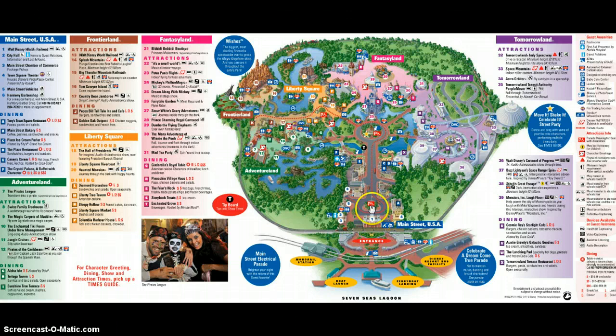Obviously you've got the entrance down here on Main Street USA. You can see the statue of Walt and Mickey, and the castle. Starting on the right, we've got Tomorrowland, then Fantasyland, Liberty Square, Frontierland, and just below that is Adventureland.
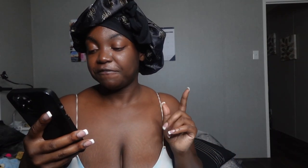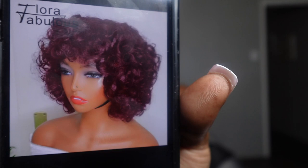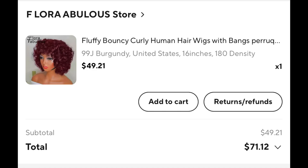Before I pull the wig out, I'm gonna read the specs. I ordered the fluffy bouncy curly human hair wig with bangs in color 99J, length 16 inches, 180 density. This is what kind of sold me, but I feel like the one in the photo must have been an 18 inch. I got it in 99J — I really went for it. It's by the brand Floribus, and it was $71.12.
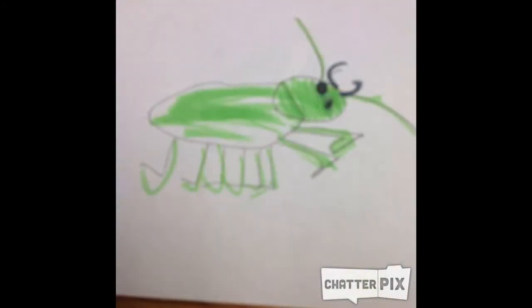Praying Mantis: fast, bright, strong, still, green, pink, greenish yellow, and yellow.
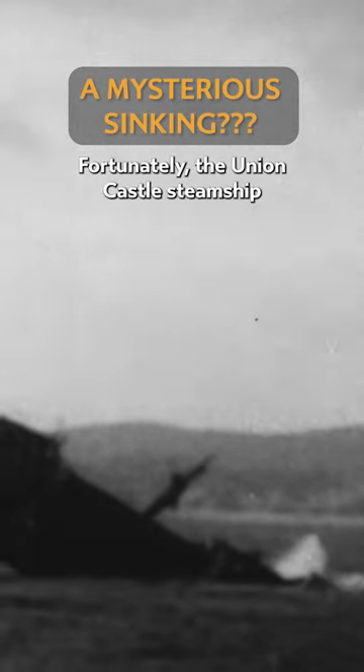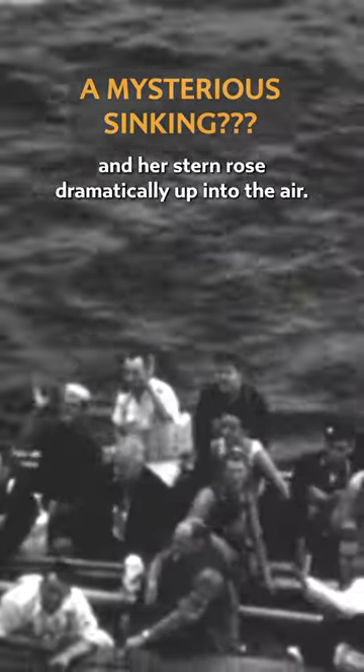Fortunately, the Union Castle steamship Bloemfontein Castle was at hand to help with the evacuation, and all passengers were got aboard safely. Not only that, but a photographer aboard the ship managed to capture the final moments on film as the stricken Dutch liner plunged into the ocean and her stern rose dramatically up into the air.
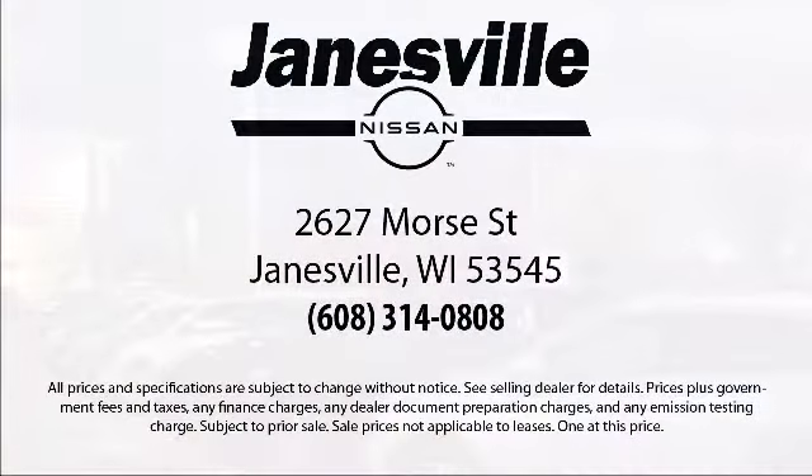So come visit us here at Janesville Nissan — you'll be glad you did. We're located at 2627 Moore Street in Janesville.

+-------+

WHAT TO WORK ON → Do not include images; quote all of the entries above exactly.

ANSWER SPACE →
Obviously you've got the entrance down here on Main Street USA. You can see the statue of Walt and Mickey, and the castle. Starting on the right, we've got Tomorrowland, then Fantasyland, Liberty Square, Frontierland, and just below that is Adventureland.
Before I pull the wig out, I'm gonna read the specs. I ordered the fluffy bouncy curly human hair wig with bangs in color 99J, length 16 inches, 180 density. This is what kind of sold me, but I feel like the one in the photo must have been an 18 inch. I got it in 99J — I really went for it. It's by the brand Floribus, and it was $71.12.
Praying Mantis: fast, bright, strong, still, green, pink, greenish yellow, and yellow.
Fortunately, the Union Castle steamship Bloemfontein Castle was at hand to help with the evacuation, and all passengers were got aboard safely. Not only that, but a photographer aboard the ship managed to capture the final moments on film as the stricken Dutch liner plunged into the ocean and her stern rose dramatically up into the air.
So come visit us here at Janesville Nissan — you'll be glad you did. We're located at 2627 Moore Street in Janesville.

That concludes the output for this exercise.